§ **The task**:
Below are some records; quote exactly the lines from the one that contains "Sisus Marina Hotel，位于切什梅的酒店" through the one that contains "Snapshot of whipsnap19", inclusive, and no others.

§ **Records from a data source**:
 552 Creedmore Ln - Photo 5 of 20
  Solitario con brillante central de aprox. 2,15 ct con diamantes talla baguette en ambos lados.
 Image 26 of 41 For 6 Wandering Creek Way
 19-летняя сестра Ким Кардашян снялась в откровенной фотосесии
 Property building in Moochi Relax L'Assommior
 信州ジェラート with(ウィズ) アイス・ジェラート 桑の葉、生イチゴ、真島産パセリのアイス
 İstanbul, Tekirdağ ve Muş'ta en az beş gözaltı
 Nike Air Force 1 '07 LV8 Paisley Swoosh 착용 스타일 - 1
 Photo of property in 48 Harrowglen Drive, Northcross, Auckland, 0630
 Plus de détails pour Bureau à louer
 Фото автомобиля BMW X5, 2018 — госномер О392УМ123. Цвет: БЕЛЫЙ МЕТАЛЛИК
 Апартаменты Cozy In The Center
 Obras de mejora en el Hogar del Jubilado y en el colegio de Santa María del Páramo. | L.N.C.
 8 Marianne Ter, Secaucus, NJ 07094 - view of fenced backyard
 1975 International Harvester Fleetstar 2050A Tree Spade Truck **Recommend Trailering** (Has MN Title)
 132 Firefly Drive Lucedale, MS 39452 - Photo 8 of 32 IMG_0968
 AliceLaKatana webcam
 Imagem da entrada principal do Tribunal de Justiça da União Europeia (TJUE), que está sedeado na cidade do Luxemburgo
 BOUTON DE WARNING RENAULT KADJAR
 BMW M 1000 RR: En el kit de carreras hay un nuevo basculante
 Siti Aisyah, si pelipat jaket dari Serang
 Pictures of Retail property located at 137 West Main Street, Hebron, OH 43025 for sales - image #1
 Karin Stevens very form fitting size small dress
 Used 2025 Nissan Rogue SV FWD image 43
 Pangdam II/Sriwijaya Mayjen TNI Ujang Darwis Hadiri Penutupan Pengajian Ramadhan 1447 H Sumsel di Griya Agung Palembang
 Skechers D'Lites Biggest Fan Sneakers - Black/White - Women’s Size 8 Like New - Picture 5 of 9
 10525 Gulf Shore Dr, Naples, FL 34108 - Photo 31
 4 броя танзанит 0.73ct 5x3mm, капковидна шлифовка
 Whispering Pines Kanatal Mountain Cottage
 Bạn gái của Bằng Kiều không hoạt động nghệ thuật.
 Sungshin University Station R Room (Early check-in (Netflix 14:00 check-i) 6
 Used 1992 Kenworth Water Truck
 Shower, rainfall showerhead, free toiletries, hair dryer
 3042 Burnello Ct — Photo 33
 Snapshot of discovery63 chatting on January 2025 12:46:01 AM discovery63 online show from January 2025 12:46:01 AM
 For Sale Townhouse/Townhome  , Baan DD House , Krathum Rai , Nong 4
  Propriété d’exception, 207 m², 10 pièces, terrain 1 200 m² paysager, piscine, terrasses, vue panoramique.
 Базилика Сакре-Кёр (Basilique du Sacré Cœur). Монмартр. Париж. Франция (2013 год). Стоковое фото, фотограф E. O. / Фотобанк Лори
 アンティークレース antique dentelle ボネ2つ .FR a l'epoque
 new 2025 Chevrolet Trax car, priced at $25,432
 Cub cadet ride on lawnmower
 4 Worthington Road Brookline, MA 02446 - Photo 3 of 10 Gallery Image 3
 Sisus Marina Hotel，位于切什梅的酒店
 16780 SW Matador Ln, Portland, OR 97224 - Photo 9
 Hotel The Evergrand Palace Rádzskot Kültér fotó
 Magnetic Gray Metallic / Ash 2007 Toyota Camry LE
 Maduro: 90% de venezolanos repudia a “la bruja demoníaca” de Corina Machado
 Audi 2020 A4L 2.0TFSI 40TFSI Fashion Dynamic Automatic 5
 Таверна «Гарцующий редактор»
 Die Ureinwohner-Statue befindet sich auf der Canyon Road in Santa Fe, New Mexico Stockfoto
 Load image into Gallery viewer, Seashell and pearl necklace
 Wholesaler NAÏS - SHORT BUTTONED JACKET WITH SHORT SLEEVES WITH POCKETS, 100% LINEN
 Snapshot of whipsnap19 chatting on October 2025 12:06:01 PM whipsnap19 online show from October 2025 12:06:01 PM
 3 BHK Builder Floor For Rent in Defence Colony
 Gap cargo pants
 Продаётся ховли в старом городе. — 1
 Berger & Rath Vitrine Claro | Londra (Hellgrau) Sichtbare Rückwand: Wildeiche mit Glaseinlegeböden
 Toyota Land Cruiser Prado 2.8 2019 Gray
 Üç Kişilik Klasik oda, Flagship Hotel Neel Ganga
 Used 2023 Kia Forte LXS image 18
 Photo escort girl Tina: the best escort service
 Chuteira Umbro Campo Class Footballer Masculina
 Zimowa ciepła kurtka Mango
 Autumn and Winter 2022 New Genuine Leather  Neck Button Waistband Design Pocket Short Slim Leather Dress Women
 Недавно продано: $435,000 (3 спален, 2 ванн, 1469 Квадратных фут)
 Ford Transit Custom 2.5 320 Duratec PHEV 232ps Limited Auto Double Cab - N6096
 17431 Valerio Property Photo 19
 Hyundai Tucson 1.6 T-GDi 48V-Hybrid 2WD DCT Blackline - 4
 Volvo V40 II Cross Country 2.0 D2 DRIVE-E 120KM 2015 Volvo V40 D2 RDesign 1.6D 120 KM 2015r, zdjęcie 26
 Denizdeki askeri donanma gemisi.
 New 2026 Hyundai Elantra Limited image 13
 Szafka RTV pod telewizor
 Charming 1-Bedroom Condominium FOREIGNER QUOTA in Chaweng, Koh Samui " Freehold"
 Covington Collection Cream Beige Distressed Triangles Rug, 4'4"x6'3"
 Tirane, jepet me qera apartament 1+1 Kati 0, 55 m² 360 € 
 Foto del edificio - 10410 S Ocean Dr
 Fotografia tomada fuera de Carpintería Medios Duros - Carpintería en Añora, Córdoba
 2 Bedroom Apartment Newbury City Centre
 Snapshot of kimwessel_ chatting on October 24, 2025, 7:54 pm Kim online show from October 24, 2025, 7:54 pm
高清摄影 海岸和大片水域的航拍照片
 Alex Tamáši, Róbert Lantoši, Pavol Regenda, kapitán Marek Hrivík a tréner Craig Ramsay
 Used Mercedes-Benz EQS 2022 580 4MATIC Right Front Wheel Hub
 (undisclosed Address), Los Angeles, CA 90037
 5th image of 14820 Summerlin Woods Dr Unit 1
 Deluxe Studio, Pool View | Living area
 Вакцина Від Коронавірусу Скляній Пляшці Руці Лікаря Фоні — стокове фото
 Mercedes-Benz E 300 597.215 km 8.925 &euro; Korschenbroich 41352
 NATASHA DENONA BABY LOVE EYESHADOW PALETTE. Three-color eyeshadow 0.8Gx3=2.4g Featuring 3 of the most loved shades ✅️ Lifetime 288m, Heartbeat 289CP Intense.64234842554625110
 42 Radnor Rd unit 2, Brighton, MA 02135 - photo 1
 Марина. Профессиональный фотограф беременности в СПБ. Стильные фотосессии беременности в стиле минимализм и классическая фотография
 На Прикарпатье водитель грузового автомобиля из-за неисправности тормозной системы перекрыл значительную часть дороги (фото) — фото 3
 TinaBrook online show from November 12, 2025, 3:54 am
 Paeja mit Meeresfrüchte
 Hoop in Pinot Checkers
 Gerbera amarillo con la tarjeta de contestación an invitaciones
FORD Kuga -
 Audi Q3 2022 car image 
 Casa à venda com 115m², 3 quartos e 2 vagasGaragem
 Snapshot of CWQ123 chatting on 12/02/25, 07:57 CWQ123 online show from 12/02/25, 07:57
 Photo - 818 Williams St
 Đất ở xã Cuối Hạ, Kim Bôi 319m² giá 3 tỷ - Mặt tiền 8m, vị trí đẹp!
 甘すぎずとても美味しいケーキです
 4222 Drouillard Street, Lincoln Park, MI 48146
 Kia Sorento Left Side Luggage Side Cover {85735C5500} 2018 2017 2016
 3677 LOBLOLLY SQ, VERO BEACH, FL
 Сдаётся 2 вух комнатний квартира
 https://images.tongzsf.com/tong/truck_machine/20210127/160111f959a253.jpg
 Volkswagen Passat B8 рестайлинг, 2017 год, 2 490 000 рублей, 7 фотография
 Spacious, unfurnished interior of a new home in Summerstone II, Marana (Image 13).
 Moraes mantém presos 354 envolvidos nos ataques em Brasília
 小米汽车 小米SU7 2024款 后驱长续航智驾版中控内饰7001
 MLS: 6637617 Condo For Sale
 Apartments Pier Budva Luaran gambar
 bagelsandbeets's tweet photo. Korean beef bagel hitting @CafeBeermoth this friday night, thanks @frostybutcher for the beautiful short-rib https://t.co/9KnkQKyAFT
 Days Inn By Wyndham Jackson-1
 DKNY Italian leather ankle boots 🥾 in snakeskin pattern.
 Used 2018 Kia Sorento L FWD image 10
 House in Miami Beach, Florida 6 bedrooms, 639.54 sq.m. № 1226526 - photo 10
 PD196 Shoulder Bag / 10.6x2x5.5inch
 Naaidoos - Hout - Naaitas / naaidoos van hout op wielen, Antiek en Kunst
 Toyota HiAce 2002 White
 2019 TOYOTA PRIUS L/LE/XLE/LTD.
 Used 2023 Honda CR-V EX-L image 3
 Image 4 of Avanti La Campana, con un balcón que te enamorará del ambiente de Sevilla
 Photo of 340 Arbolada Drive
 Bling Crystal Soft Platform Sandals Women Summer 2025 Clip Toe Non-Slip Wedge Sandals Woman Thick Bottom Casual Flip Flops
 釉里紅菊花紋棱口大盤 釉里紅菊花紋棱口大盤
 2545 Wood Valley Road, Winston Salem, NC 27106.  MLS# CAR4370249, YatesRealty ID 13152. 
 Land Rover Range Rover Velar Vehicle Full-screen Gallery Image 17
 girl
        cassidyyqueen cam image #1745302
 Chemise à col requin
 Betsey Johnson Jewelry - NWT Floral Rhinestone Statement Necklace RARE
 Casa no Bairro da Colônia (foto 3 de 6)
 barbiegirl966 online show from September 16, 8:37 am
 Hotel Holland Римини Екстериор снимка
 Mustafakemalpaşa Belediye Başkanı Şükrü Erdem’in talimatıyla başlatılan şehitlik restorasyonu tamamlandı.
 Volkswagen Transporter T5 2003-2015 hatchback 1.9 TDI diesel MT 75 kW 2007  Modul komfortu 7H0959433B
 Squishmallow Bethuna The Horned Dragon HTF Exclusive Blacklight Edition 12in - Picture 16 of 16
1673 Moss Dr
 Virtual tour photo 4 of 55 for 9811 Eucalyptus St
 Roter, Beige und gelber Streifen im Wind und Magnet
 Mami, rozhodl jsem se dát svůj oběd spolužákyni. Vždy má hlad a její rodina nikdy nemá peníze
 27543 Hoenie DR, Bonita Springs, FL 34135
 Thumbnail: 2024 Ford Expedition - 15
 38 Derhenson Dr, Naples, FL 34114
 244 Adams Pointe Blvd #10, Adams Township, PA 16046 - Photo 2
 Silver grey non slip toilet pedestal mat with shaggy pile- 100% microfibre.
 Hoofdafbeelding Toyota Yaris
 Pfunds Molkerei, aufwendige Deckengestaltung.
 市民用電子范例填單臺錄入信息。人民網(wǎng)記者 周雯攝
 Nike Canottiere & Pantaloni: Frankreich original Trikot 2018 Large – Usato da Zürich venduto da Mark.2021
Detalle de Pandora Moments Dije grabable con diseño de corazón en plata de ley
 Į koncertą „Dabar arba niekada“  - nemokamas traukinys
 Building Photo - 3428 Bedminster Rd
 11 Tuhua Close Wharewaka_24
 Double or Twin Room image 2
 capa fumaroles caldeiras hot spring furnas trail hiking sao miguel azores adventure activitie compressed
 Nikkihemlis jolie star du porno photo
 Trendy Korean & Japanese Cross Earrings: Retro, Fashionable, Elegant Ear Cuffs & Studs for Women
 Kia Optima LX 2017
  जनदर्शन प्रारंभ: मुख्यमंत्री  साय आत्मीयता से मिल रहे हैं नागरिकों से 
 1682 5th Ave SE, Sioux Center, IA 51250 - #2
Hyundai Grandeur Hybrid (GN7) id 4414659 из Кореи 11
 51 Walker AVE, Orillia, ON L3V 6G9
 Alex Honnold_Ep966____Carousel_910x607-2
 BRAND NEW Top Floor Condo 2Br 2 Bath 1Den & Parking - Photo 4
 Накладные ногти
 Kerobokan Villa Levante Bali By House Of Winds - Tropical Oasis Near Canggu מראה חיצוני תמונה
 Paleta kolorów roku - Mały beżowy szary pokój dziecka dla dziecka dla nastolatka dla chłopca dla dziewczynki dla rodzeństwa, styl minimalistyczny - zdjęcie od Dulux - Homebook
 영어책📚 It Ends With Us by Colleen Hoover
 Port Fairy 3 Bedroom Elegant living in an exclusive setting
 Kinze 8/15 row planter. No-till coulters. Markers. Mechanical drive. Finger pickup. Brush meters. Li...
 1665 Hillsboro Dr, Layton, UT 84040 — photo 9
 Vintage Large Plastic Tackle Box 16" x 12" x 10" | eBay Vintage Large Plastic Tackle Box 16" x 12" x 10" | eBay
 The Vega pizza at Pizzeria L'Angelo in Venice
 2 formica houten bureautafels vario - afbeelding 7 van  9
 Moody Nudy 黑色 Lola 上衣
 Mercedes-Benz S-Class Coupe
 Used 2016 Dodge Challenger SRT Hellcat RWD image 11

§ **Response to the task**:
 Sisus Marina Hotel，位于切什梅的酒店
 16780 SW Matador Ln, Portland, OR 97224 - Photo 9
 Hotel The Evergrand Palace Rádzskot Kültér fotó
 Magnetic Gray Metallic / Ash 2007 Toyota Camry LE
 Maduro: 90% de venezolanos repudia a “la bruja demoníaca” de Corina Machado
 Audi 2020 A4L 2.0TFSI 40TFSI Fashion Dynamic Automatic 5
 Таверна «Гарцующий редактор»
 Die Ureinwohner-Statue befindet sich auf der Canyon Road in Santa Fe, New Mexico Stockfoto
 Load image into Gallery viewer, Seashell and pearl necklace
 Wholesaler NAÏS - SHORT BUTTONED JACKET WITH SHORT SLEEVES WITH POCKETS, 100% LINEN
 Snapshot of whipsnap19 chatting on October 2025 12:06:01 PM whipsnap19 online show from October 2025 12:06:01 PM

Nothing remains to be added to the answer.